::: Source data :::

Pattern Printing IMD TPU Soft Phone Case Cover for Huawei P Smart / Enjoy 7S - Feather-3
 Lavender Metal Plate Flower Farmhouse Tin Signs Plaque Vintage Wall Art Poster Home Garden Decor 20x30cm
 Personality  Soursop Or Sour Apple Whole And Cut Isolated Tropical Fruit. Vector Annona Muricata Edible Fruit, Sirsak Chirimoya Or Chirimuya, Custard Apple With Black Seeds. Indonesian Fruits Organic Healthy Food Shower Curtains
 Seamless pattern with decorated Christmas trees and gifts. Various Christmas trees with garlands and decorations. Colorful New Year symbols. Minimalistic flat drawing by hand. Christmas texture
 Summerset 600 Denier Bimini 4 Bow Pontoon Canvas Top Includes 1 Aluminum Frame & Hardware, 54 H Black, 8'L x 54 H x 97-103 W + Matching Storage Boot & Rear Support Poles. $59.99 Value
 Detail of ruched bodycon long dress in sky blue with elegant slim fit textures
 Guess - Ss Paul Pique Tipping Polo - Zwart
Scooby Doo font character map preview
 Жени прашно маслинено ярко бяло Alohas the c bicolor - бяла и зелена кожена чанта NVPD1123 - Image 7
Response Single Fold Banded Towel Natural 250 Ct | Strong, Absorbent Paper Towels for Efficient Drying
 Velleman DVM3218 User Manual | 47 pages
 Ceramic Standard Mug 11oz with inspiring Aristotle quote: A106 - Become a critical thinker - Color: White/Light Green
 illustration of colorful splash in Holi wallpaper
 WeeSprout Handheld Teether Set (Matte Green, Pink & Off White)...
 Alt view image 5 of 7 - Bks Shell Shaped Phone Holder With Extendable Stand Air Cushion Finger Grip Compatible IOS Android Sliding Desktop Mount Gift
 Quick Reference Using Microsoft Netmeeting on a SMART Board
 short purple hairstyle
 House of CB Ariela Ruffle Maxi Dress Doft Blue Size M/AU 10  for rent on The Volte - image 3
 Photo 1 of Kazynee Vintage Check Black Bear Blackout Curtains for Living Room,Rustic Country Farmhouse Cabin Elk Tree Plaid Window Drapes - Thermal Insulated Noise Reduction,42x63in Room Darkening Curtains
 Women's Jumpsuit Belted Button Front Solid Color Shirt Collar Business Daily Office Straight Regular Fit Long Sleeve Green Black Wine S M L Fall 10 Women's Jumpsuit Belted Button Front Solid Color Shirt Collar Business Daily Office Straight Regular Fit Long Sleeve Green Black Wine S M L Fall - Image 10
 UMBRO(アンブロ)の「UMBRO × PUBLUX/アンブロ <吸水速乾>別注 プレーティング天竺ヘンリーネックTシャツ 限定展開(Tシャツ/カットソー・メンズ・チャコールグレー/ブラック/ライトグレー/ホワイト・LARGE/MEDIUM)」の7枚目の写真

:::

The problem
Every line above with the string "Black" in it needs to be copied.

Answer
 Personality  Soursop Or Sour Apple Whole And Cut Isolated Tropical Fruit. Vector Annona Muricata Edible Fruit, Sirsak Chirimoya Or Chirimuya, Custard Apple With Black Seeds. Indonesian Fruits Organic Healthy Food Shower Curtains
 Summerset 600 Denier Bimini 4 Bow Pontoon Canvas Top Includes 1 Aluminum Frame & Hardware, 54 H Black, 8'L x 54 H x 97-103 W + Matching Storage Boot & Rear Support Poles. $59.99 Value
 Photo 1 of Kazynee Vintage Check Black Bear Blackout Curtains for Living Room,Rustic Country Farmhouse Cabin Elk Tree Plaid Window Drapes - Thermal Insulated Noise Reduction,42x63in Room Darkening Curtains
 Women's Jumpsuit Belted Button Front Solid Color Shirt Collar Business Daily Office Straight Regular Fit Long Sleeve Green Black Wine S M L Fall 10 Women's Jumpsuit Belted Button Front Solid Color Shirt Collar Business Daily Office Straight Regular Fit Long Sleeve Green Black Wine S M L Fall - Image 10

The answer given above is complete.